We first introduce the notion of gadget, on which our security definitions are based. Informally, gadgets are IL macros with security annotations.

Definition 5 (Gadget). A gadget is an IL macro with security annotations:

- a security environment, mapping inputs and outputs to a security level: secret ($\mathcal{H}$) or public ($\mathcal{L}$),
- a memory typing, mapping memory locations to a security level: secret ($\mathcal{H}$), public ($\mathcal{L}$), random ($\mathcal{R}$),
- share declarations, consisting of tuples of inputs and outputs. We adopt the convention that all tuples are of the same size, and disjoint, and that all inputs and outputs must belong to a share declaration.
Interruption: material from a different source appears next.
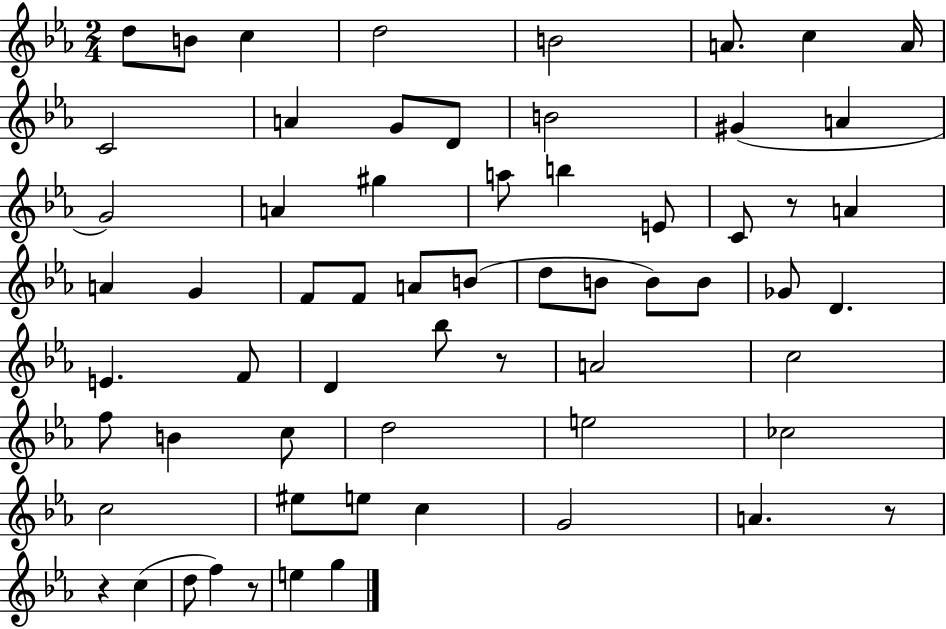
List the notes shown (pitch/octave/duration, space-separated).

D5/e B4/e C5/q D5/h B4/h A4/e. C5/q A4/s C4/h A4/q G4/e D4/e B4/h G#4/q A4/q G4/h A4/q G#5/q A5/e B5/q E4/e C4/e R/e A4/q A4/q G4/q F4/e F4/e A4/e B4/e D5/e B4/e B4/e B4/e Gb4/e D4/q. E4/q. F4/e D4/q Bb5/e R/e A4/h C5/h F5/e B4/q C5/e D5/h E5/h CES5/h C5/h EIS5/e E5/e C5/q G4/h A4/q. R/e R/q C5/q D5/e F5/q R/e E5/q G5/q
We now state two main notions of security. The first notion is an elaboration of the usual notion of non-interference, and is stated relative to a public input state $s_{\text{in}}$ and public output state $s_{\text{out}}$. The definition is split in two parts: the first part captures
that the gadget does not leak, and the second part captures that the gadget respects the security annotations.

**Definition 6 (Stateful t–NI).** A gadget with input state \( s_{\text{in}} \) and output state \( s_{\text{out}} \) is stateful \( t \)-Non-Interfering (\( t \)-NI) if every set of \( t \) observations can be simulated by using at most \( t \) shares of each input and any number of values from the input state \( s_{\text{in}} \). Moreover, any number of observations on the output state \( s_{\text{out}} \) can be simulated without using any input share, but using any number of values from the input state \( s_{\text{in}} \).

The second notion is an elaboration of strong non-interference. Following standard practice, we distinguish between internal observations (i.e., observations that differ from outputs) and output observations.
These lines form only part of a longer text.